Compared to its predecessor, WMC 2.0 introduces optimizations in investor eligibility, participating institutions, qualified investment products, and individual investor quotas.
WMC started its pilot phase in September 2021 under the supervision of regulatory authorities in mainland China, Hong Kong and Macau. As of the end of October this year, WMC has attracted 62,900 retail investors in the GBA, with 44,600 from Hong Kong and Macau and 18,300 from mainland China. There were about 35,500 transactions under WMC, totalling 8.66 billion yuan (US$1.21 billion), according to the latest data from the Guangdong branch of the People's Bank of China.
Under WMC 2.0, the entry threshold for mainland Chinese investors in the southbound trading channel has been reduced from payment of social security or personal income tax for five consecutive years to two years. This relaxation broadens the target customer base, particularly catering to the emerging presence of the younger Generation Z in the investment and wealth management space.
In addition, the retail investor's investment quota has been raised to 3 million yuan from 1 million yuan. For those using both banks and securities firms as investment channels in the pilot programme, each channel now offers a personal quota of 1.5 million yuan.
The range of eligible products has widened as well, with the inclusion of renminbi deposit products distributed by mainland Chinese banks in the northbound trading channel. Additionally, the range of eligible mutual funds investing into securities has been extended from "R1 to R3 risk levels" to "R1 to R4 risk levels", excluding commodity futures funds. Version 2.0 also allows the participation of more securities firms.

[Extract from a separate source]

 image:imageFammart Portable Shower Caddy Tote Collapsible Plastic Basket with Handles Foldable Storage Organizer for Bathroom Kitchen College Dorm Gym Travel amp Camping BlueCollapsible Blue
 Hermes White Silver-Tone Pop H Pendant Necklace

The cross-border investment scheme seeks to further energize the wealth management markets in the GBA, strengthening the interconnection between the capital markets of Hong Kong and mainland China and offering more diverse asset allocation opportunities for a broader scope of investors.
By revising relevant regulations, WMC 2.0 seeks to align more closely with the development of the GBA, offering unique opportunities with regulatory support for investors and financial institutions in the area.
For retail investors, the relaxation on the entry thresholds and simplified procedures provide greater flexibility in selecting investment products. Version 2.0 is more able to cater to their demand for cross-border asset allocation.
Banks have already commenced preparations for WMC 2.0 in terms of business development, administration processes, and systems improvement.